Electric cars and a smart electric grid have a bright future, according to panelists at a roundtable discussion on the subject that I attended last Friday in Boston.
“I would say that electricity is a vastly superior fuel for the light vehicle fleet,” said Willett Kempton, a professor and alternative energy specialist at the University of Delaware.
And in a true smart grid, electric cars will not only be able to draw on electricity to run their motors, they will also be able to do the reverse: send electricity stored in their batteries back into the grid when it is needed. In effect, cars would be acting like tiny power stations.
“Most days, most cars are going to have lots of extra battery capacity,” said Mr. Kempton, noting that on average, American automobiles get driven for just one hour each day. Electrifying the entire vehicle fleet would provide more than three times the U.S.’s power generation, he said.
The Federal Energy Regulatory Commission, which regulates interstate transmission of electricity, is on board with the idea.
“Vehicle-to-grid is, I believe, the salvation of the automotive industry in the United States,” declared Marc Spitzer, an agency commissioner who was also on the panel.
Sven Thesen, the communication and technology director for Better Place, a start-up that is gaining traction (see this recent New York Times article) in its effort to create a network for electric cars in various countries, likened the concept of electric cars to cellphones.
“Fifteen years ago, how many people had a cellphone?” he asked.
Now, people are used to cellphone subscription plans and plugging the phone into the wall at night, Mr. Thesen reasoned, so a switch to electric cars would also be manageable.
And where does Better Place fit in?
“We will own the battery. We will always own the batteries,” said Mr. Thesen. “You guys own the cars.”
He envisioned “hundreds of thousands” of charging spots, as well as a number of stations where drained batteries could be exchanged for fresh ones.

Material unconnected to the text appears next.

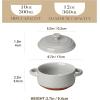 imageMALACASA Mini Cocotte Set  12 OZ Small Casserole Dishes for Oven Ramekins with Lids and Handles Ceramic Mini Dutch Oven Set of 4 Microwave ampamp Dishwasher Safe Khaki White Series TARAKhaki Grey
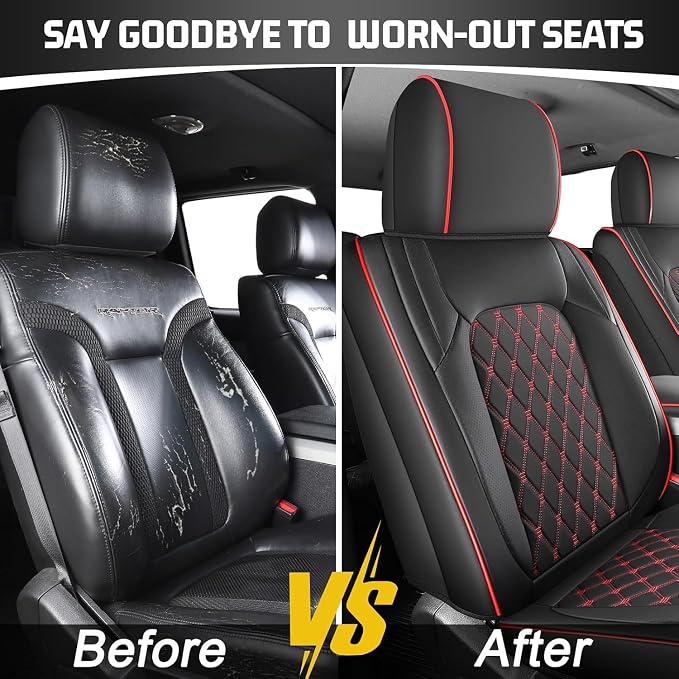 Leather Seat Covers for Silverado/Sierra, Waterproof Custom Full Set Seatcovers for Chevy Silverado/GMC Sierra 2007-2013 & 2019-2026 1500, 2020-2026 2500HD 3500HD Crew/Double/Extended Cab - Image 7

A key thing, he said, will be to recharge the batteries at an acceptable time for the electricity grid — to “make sure people aren’t charging at the very peak, peak time,” like late afternoon when the electricity grid is already weighted down by demands like air conditioning.

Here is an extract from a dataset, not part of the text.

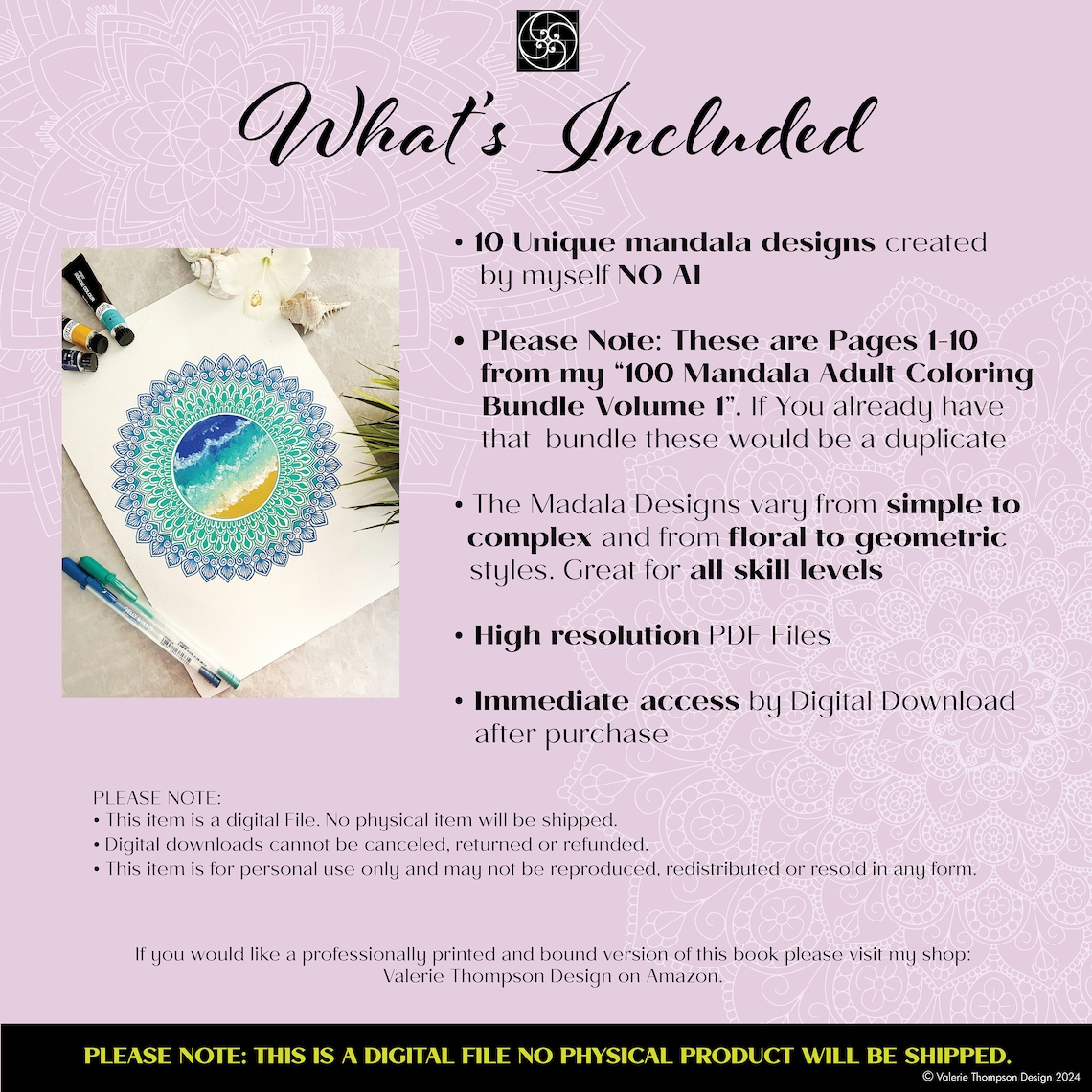 10 Mandala Patterns Adult Coloring Pages Full Page Designs, Printable ...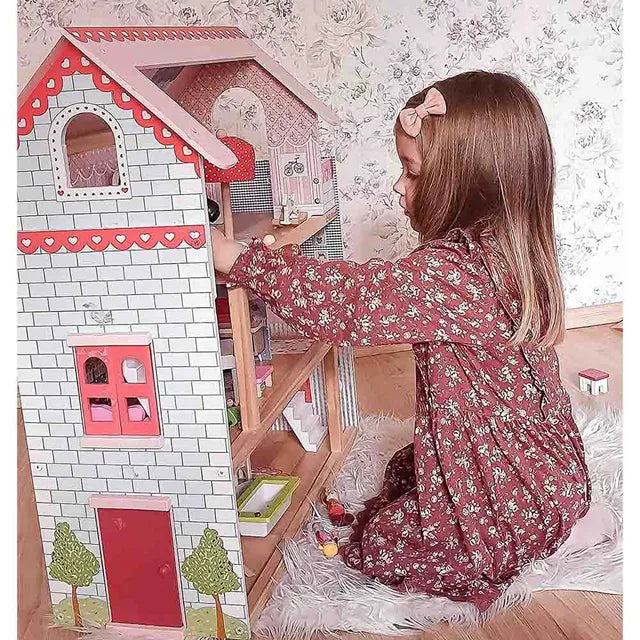 Buy Little Angel Multi Level Wooden Dollhouse Set With Accessories | Yallatoys.com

Battery recharging would typically take two to four hours, he said.
So far Israel, Denmark, Australia, Hawaii and California’s Bay Area have plans to implement the Better Place model. Mr. Thesen said that a factory in Turkey was being refurbished to be able to produce 100,000 electric vehicles a year.
But a large-scale system of electric cars and smart grids is unlikely to be ready soon.
Asked when there might be one million electric vehicles on the road that could also feed their battery capacity back into the grid in a two-way exchange, the panelists generally said between 2017 and 2020.